» **ABOUT THIS EXERCISE**: Leave out the images and output the records word for word.

━━━━━━

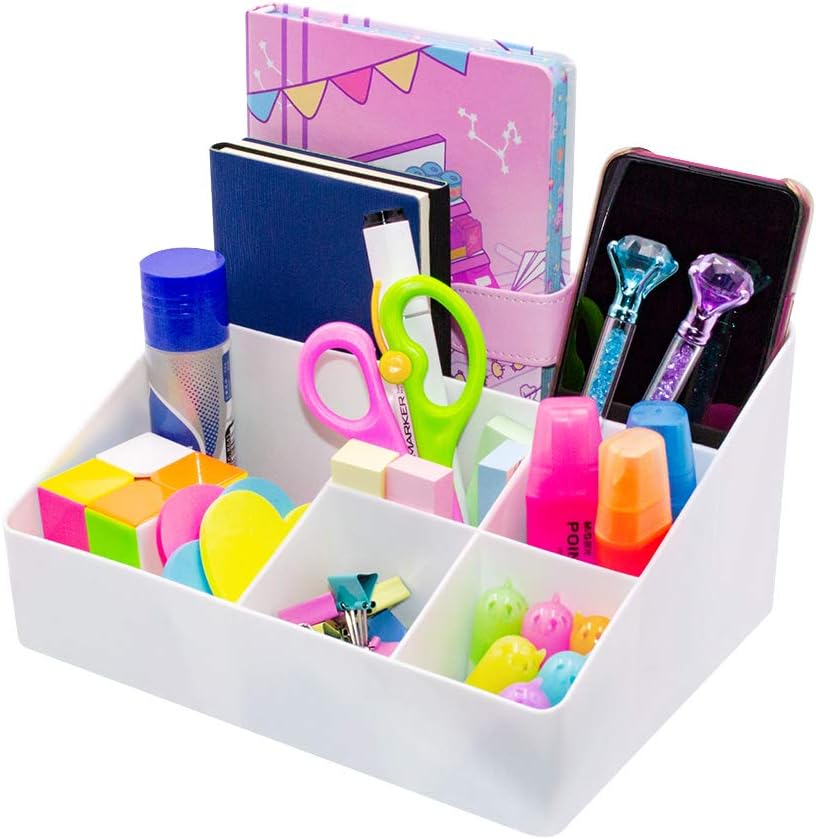 Apricot Cosmetic Storage Box with 6 Compartments - Skincare Organizer and Jewelry Holder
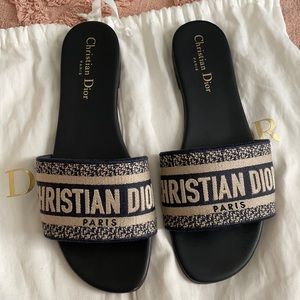 DIOR Dway Slides- Deep Blue Embroidered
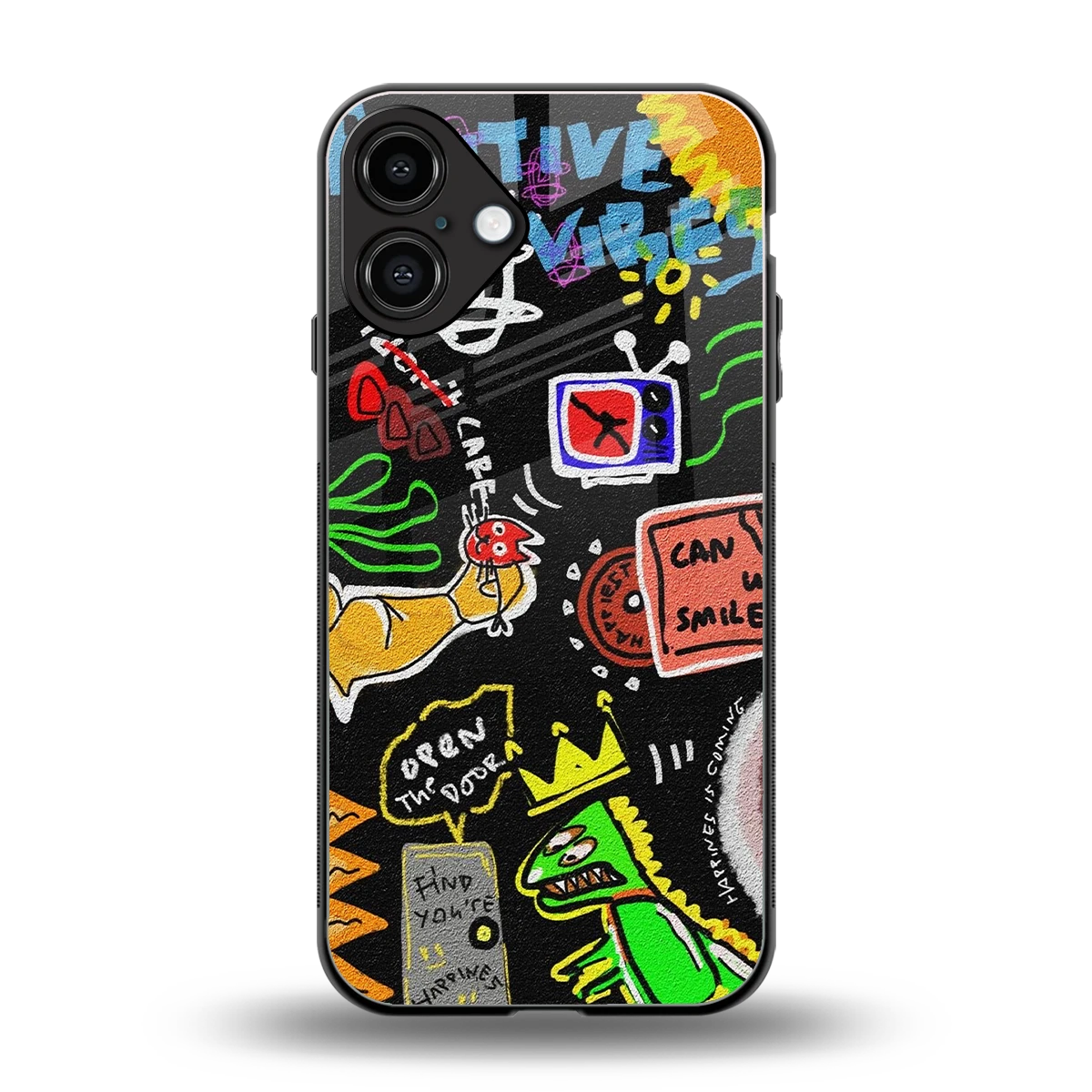 Graffiti back phone cover | glass case for iphone 16 plus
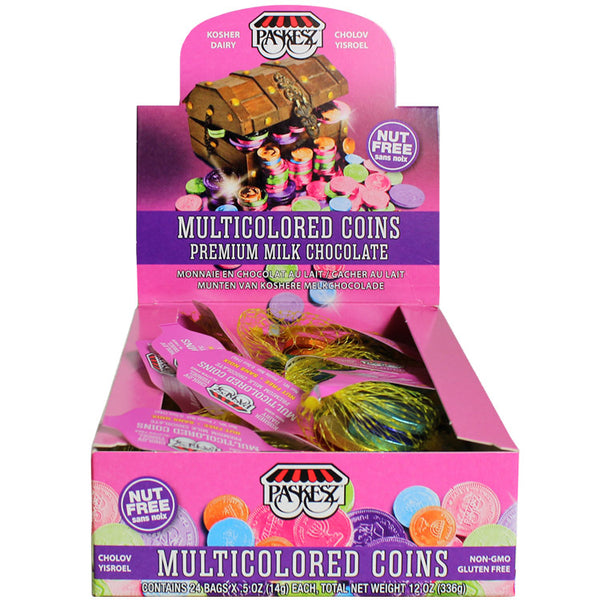 Milk Chocolate Gelt Multi-Coloured Coins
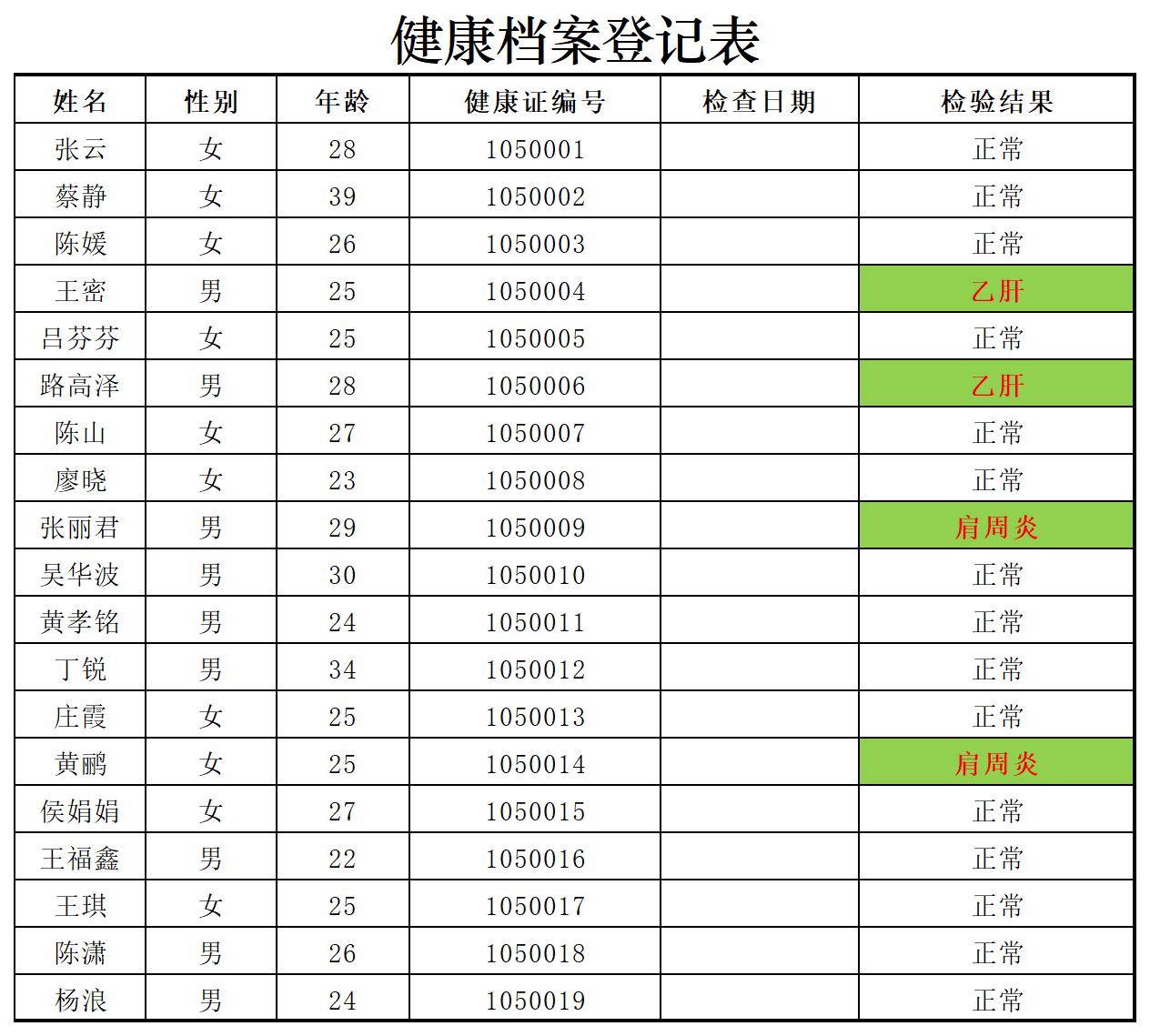 健康档案登记表excel模板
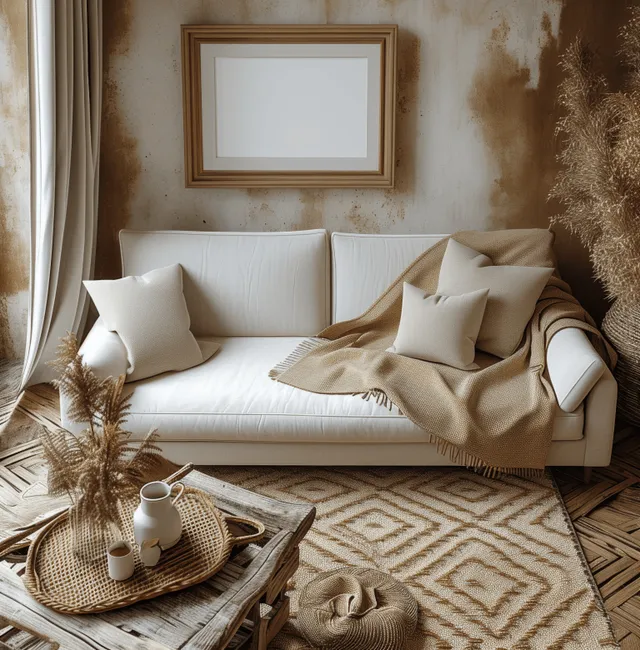 Beige sofa in a boho living room with a blank framed wall poster above cushions and pampas plants on a rug.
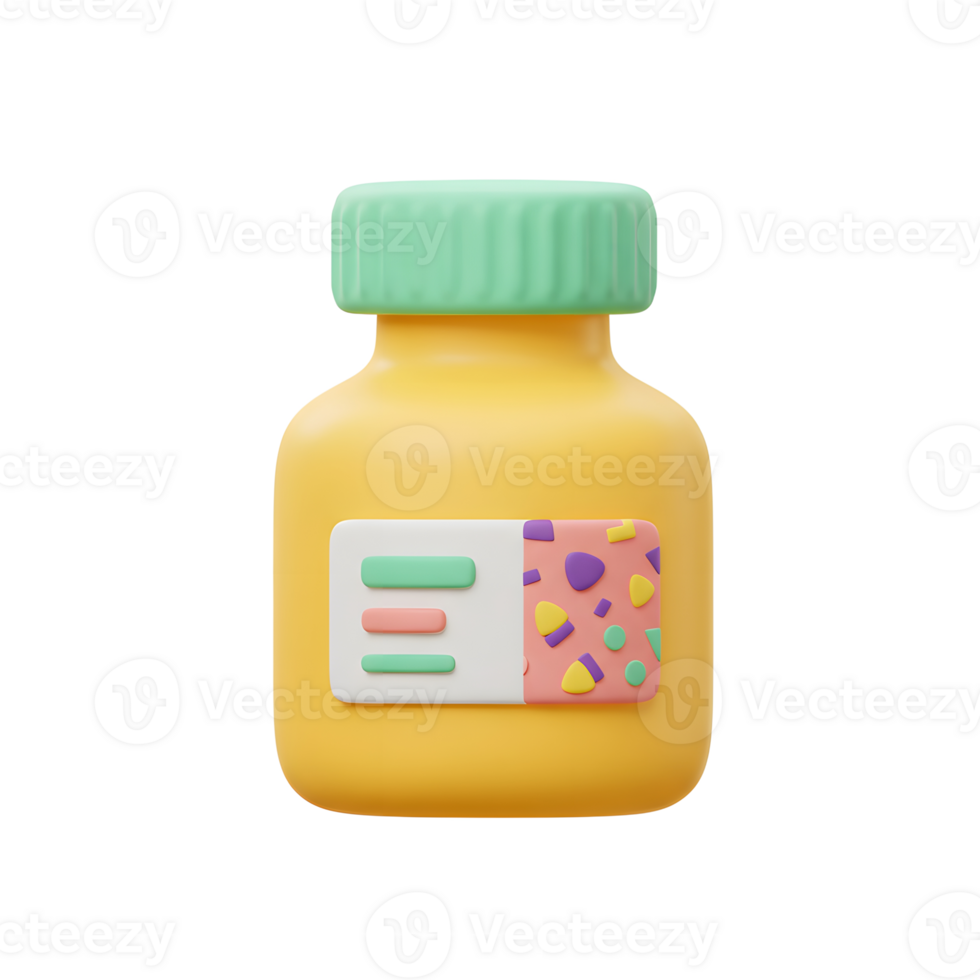 Yellow Plastic Bottle with Green Lid and Fun Label Design png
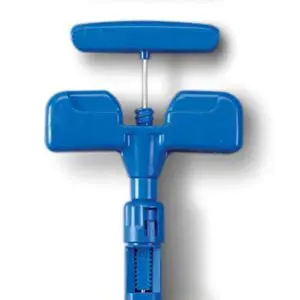 A blue plastic tool with two handles on it.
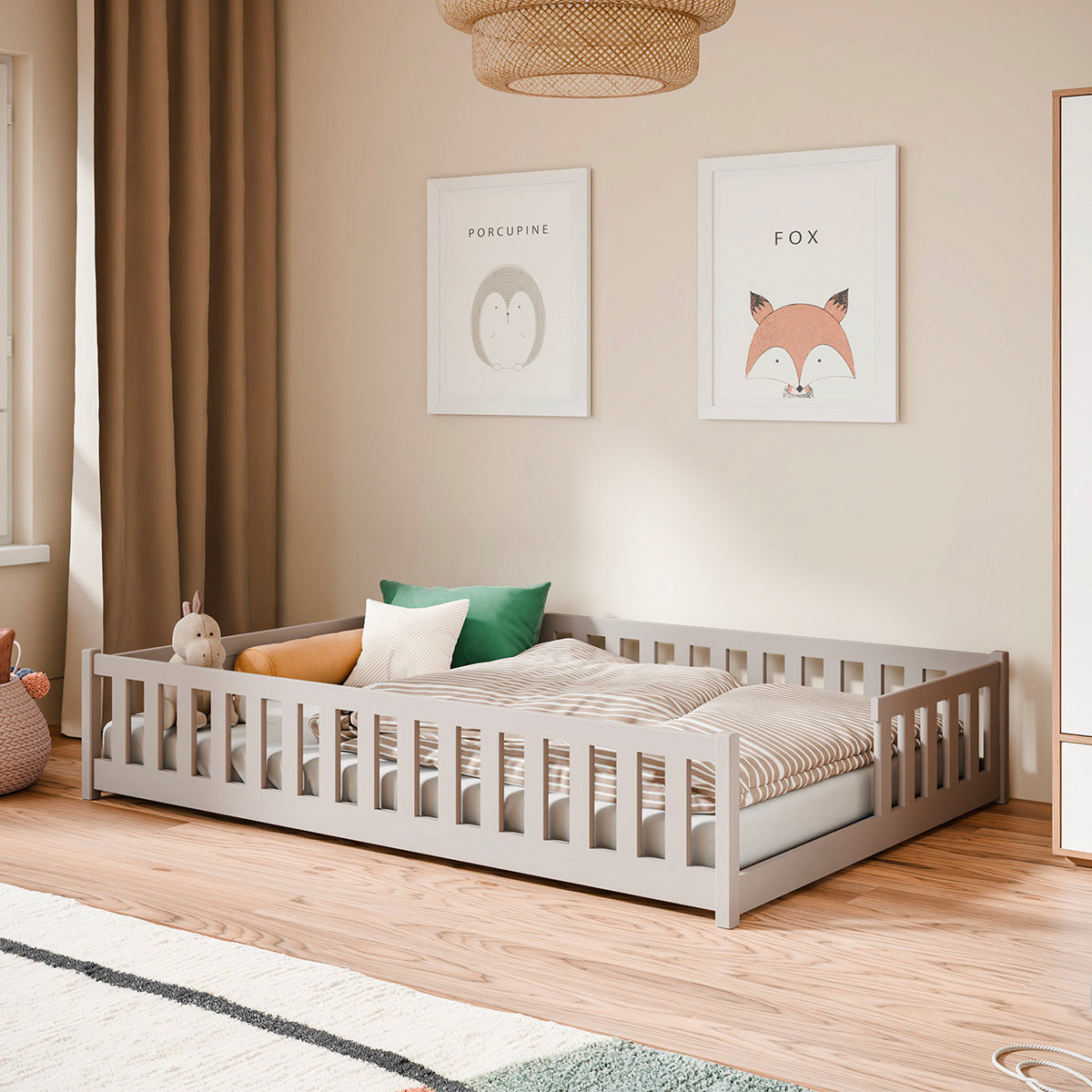 Lit au sol 140x200 sommier inclus Théa Cachemire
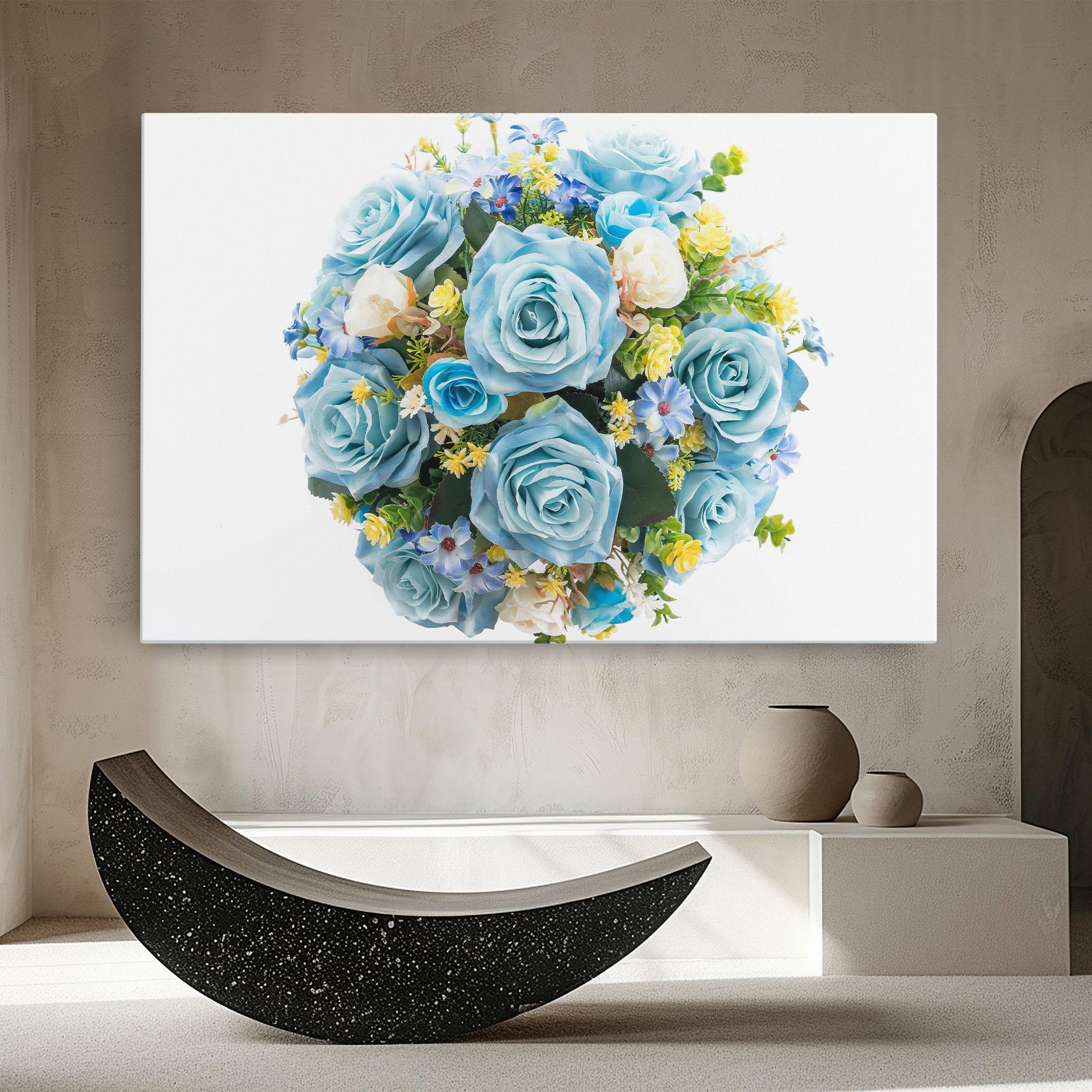 Vászonkép Blue Roses Bouquet mockup 8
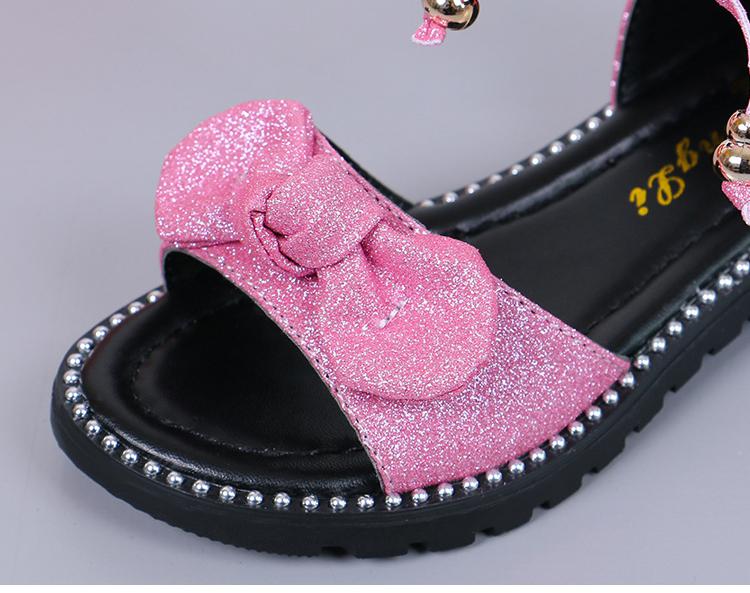 New 2022 Summer Girls Sandals Fashion Bowknot Zipper Princess Girls Shoes Children Kids Baby Party Flat Sandals Shoes A857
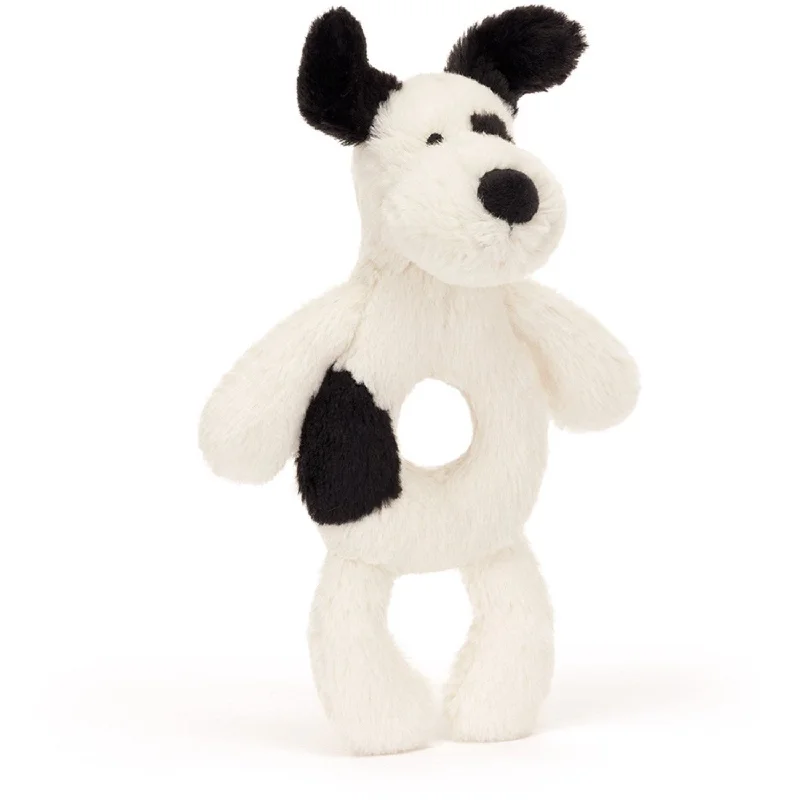 Fluffy and charming Jellycat itemsJellycat Bashful Black & Cream Puppy Ring Rattle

━━━━━━

» **TASK OUTPUT**:
 Apricot Cosmetic Storage Box with 6 Compartments - Skincare Organizer and Jewelry Holder
 DIOR Dway Slides- Deep Blue Embroidered
 Graffiti back phone cover | glass case for iphone 16 plus
 Milk Chocolate Gelt Multi-Coloured Coins
 健康档案登记表excel模板
 Beige sofa in a boho living room with a blank framed wall poster above cushions and pampas plants on a rug.
 Yellow Plastic Bottle with Green Lid and Fun Label Design png
 A blue plastic tool with two handles on it.
 Lit au sol 140x200 sommier inclus Théa Cachemire
 Vászonkép Blue Roses Bouquet mockup 8
 New 2022 Summer Girls Sandals Fashion Bowknot Zipper Princess Girls Shoes Children Kids Baby Party Flat Sandals Shoes A857
 Fluffy and charming Jellycat itemsJellycat Bashful Black & Cream Puppy Ring Rattle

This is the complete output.